On moral grounds, it is pointless that a creator would, in a bid to secure our “specialness,” forbid us as a group to develop from lower beings, only to force each of us individually to develop this way.
Conclusion: The aesthetics of descent versus special creation
The main error of the “pragmatic creationists” is to mistake an aesthetic preference for reality. This aside, is it really preferable on aesthetic grounds that we should have been created, rather than to have evolved?
We are the culmination of a vigorous natural epic, billions of years in the making, one that could have gone in a billion other ways, but didn’t, and that will continue beyond us in ways that we help determine. This is simply more interesting than our having been dropped here, without papers, without biography, without a legacy. For all the reasons “God did it” is a scientific non-starter, it also makes for a piss-poor narrative.
Perhaps our being formed by the same processes as hagfish, dung beetles, and leeches decreases our “specialness” among them. But “being the best” is hardly the only value. And it isn’t always that valuable. It’s lonely at the top. To believe ourselves fundamentally, irreducible set apart from the world can be—it should be—profoundly alienating. An evolutionary story recovers for humans a sense of “at-home-ness” in the world. It permits us to belong and identify.
Not to say that our special place totally dissolves. For we among all “beasts” can reflect upon our mutual heritage. We alone can write the story down. (We alone can blog about it.)
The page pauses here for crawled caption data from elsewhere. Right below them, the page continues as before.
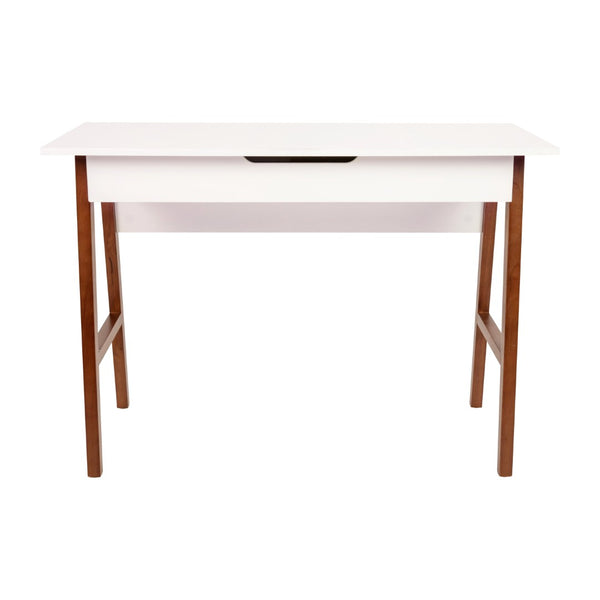 English Elm Darla Home Office Writing Desk - Stylish Two-Tone Computer Table with Drawer for Organized Workspaces White Top/Walnut Frame 42.125"L GC-MBLK60-WH-WAL-GG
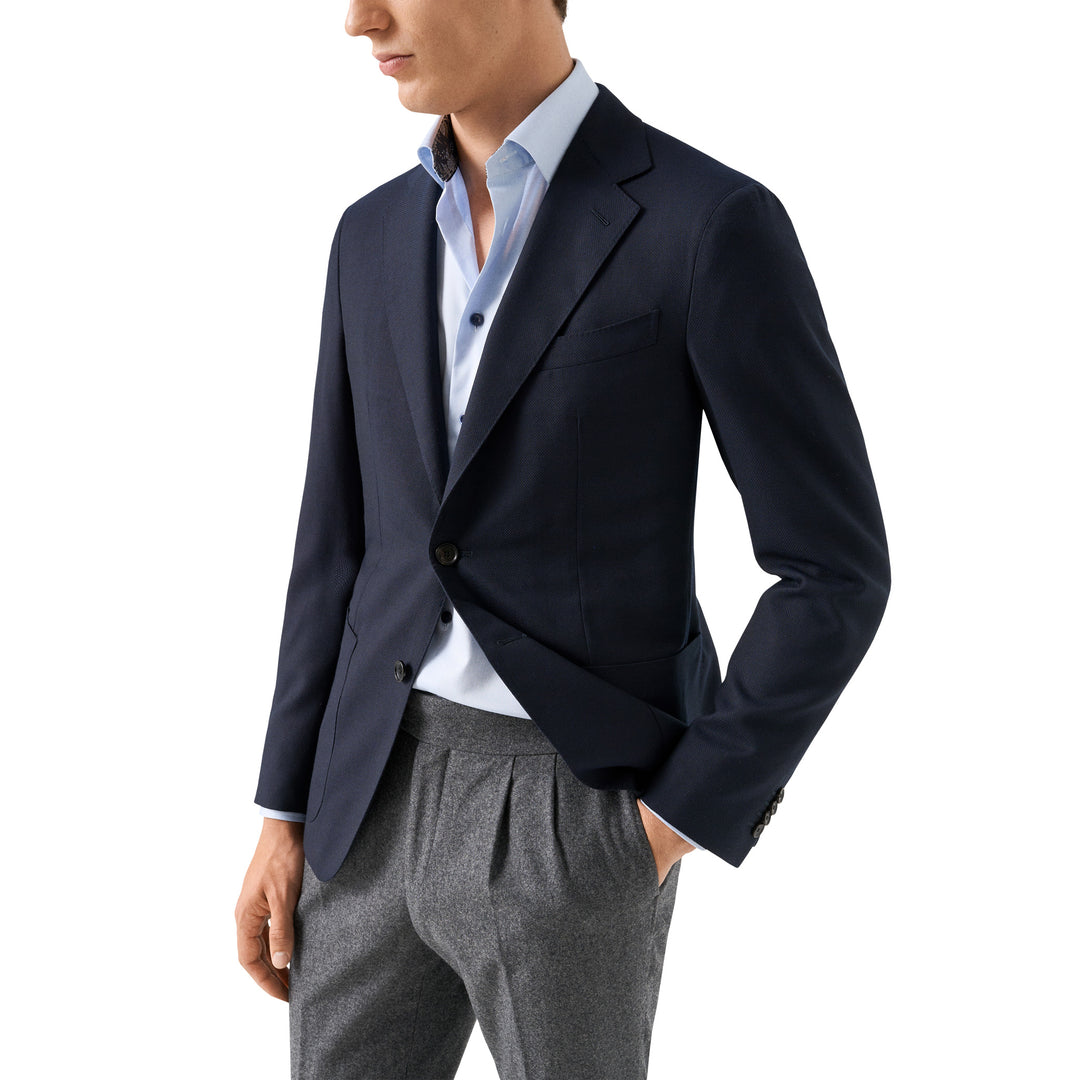 Blue Floral Effect Contrast Signature Twill Slim Fit Shirt - ETON
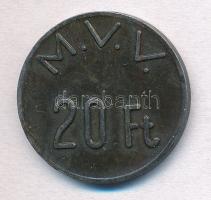 ~1950-1970. 20Ft Fe "M.V.V." Miskolci Villamos Vállalat (?) közlekedési bárca T:2 patina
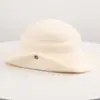 Boina pequena de cor sólida francesa chapéu elegante de alta qualidade estilo Hepburn para mulheres inverno aba virada chapéu de senhora moderno de alta qualidade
Finally, in poetic terms, our evolution represents a kind of achievement. “We” have struggled, and triumphed. Typically, we praise and admire achievements over charity. (For this reason, heirs and contest winners are always resented by those who “earned” it.) To sit atop this long struggle is arguably more “special” than to have been given the damn thing. Again, this could be said of other species, too, but again, only we can appreciate it.